May 27, 2012

Emporia Weather

Currently Sun Mon Tue Wed Thu
79° Slight Chance Thunderstorms
Slight Chance Thunderstorms
Slight Chance Thunderstorms
Thunderstorms Likely
Chance Thunderstorms
Fair 91°
69°
88°
58°
81°
58°
77°
59°
69°
52°

Advertisement

Advertisement

Reader Poll

What Emporia area event are you most looking forward to?

View all polls

Spartans play uninspired in 55-31 3rd-place loss to St. Thomas Aquinas

Monday, March 10, 2008

photo

Emporia High players, from left, Taylor Euler, Caydrick Bloomquist, Marcus Jamison, Jacob Torres and Troy Pierce watch the last few seconds of their game against St. Thomas Aquinas on Saturday at the Class 5A State Tournament in Topeka.
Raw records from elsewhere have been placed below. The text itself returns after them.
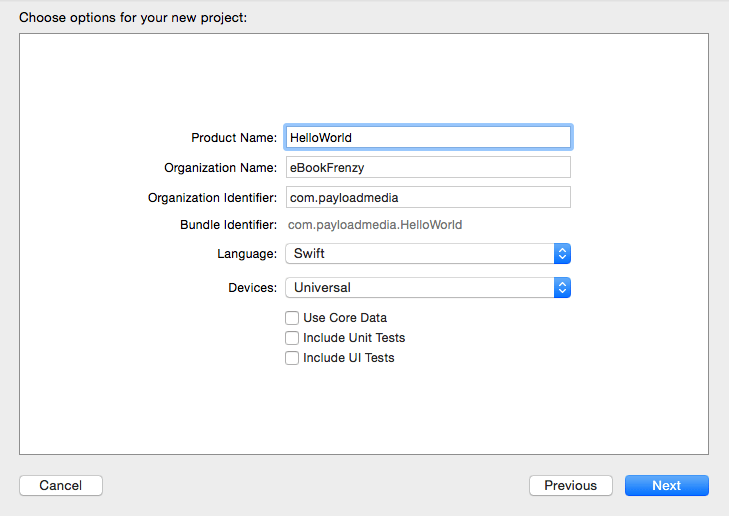 Xcode 7 project options.png
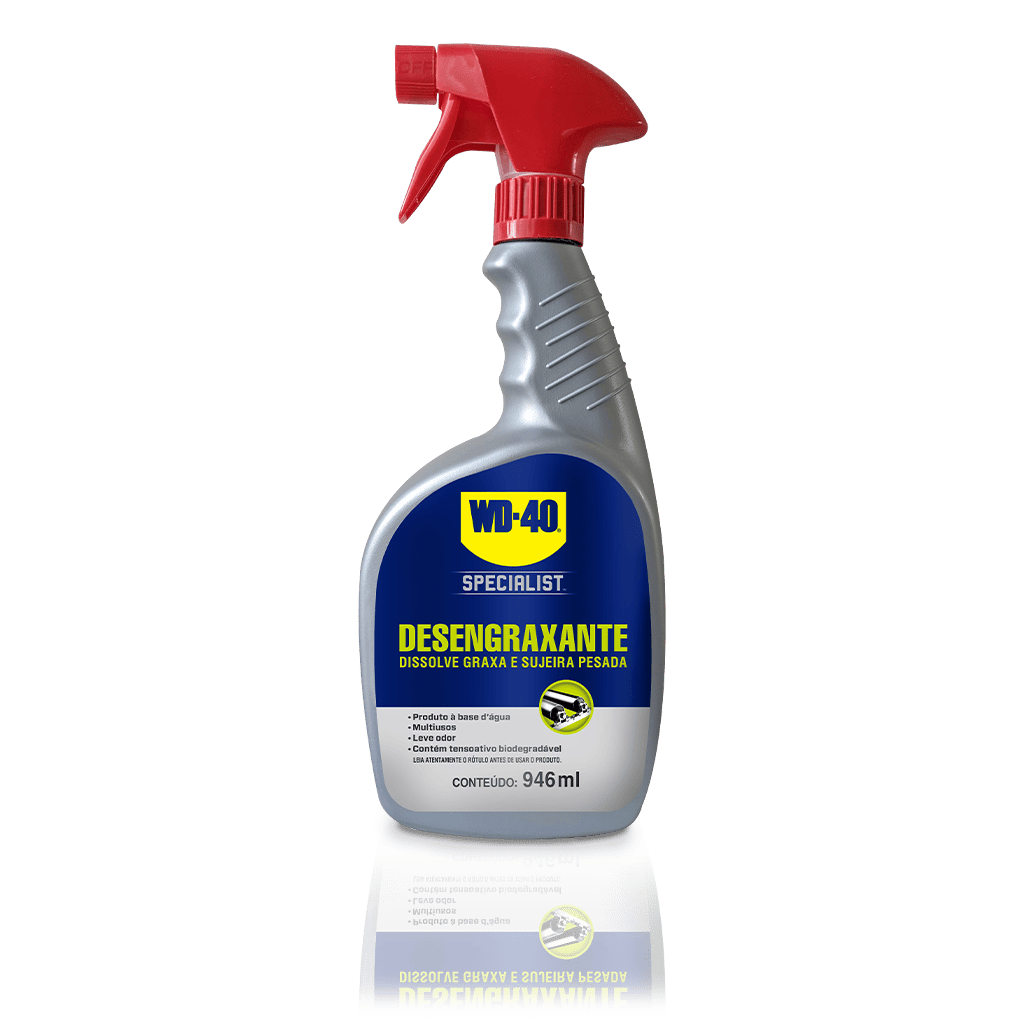 wd 40 specialist desengraxante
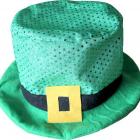 chapeau saint patrick 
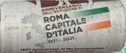 Italië 2 euro 2021 (rol) "150th anniversary Proclamation of Rome as the Capital of Italy" - Afbeelding 2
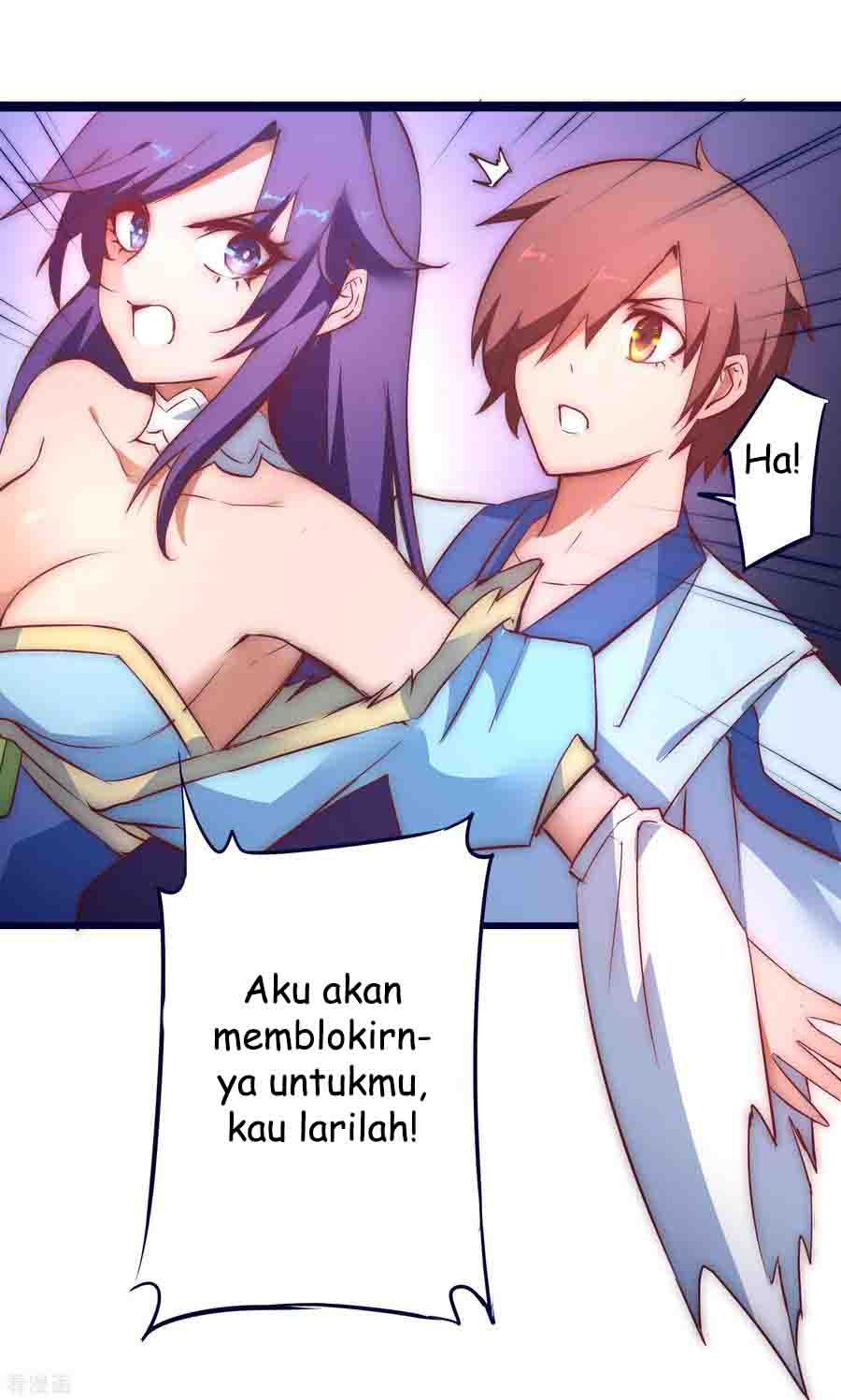 Reversing the Immortal Path Chapter 9 Gambar 16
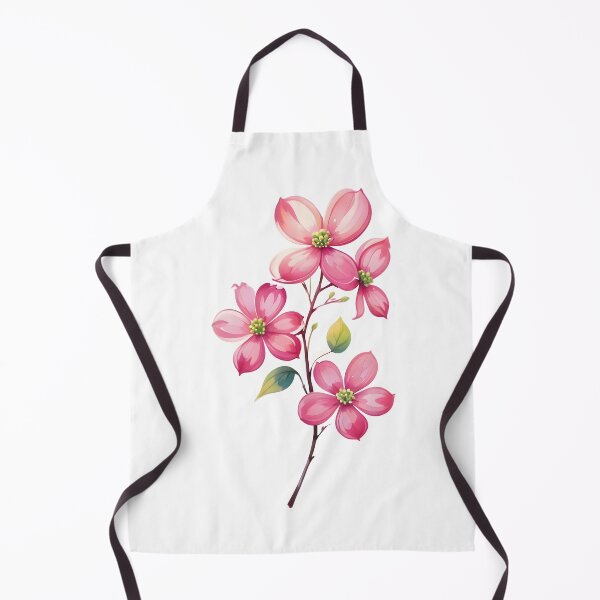 Item preview, Pink Dogwood Flower designed and sold by HOMETOWN86.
The Spartans lost the third-place game, 55-31.

TOPEKA — For at least a quarter of Saturday’s third-place game at the Class 5A State Tournament, it appeared as if the Emporia High boys had shaken off Friday’s semifinals loss to Bishop Carroll and were ready to do battle with St. Thomas Aquinas.

It took another quarter for everything to completely unravel for the Spartans.
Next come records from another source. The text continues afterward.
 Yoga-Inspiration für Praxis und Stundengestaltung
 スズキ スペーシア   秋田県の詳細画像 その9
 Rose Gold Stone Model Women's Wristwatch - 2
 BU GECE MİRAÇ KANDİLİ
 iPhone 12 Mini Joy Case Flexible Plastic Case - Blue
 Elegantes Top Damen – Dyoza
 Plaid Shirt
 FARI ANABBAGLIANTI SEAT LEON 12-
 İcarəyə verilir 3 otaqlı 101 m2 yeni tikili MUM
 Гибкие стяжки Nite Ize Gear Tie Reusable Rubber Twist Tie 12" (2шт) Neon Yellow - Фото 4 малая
After the Saints led by four points at the end of the first period, St. Thomas Aquinas held Emporia to just two points in the second quarter, which broke the game wide open and consequently broke the Spartans’ spirit, as the Saints went on to win, 55-31.

“Things just had an avalanche effect,” EHS coach Rick Bloomquist said. “Once things started to go bad, it all went all at once, and we couldn’t recover. We didn’t have the spirit and we didn’t have the mindset to recover.”

Led by the exploits of senior Clinton Mann, who has signed to play at Iowa State next year, St. Thomas Aquinas outscored EHS 18-2 in the second quarter. Mann scored the first seven points in a 16-0 run to open the frame that essentially demoralized the Emporia players.

Mann finished with a game-high 20 points, scoring around, under and over the top of the Spartan defense. He scored from inside the lane on driving layups, hit a pair of 3-pointers, and also pulled down a game-high 11 rebounds.

“He’s a tough player to guard,” EHS senior Brandon Childs said. “He can do a little bit of everything.”

It didn’t help that Emporia’s main scorers simply could not get shots to fall.

Emporia’s leading scorer, senior Caydrick Bloomquist, who entered the game as the tournament’s leading scorer with a 24.5-points-per-game average, finished with just three points on 1-of-10 shooting, his only make a 3-pointer in the first quarter that drew the Spartans even with the Saints at 5-all.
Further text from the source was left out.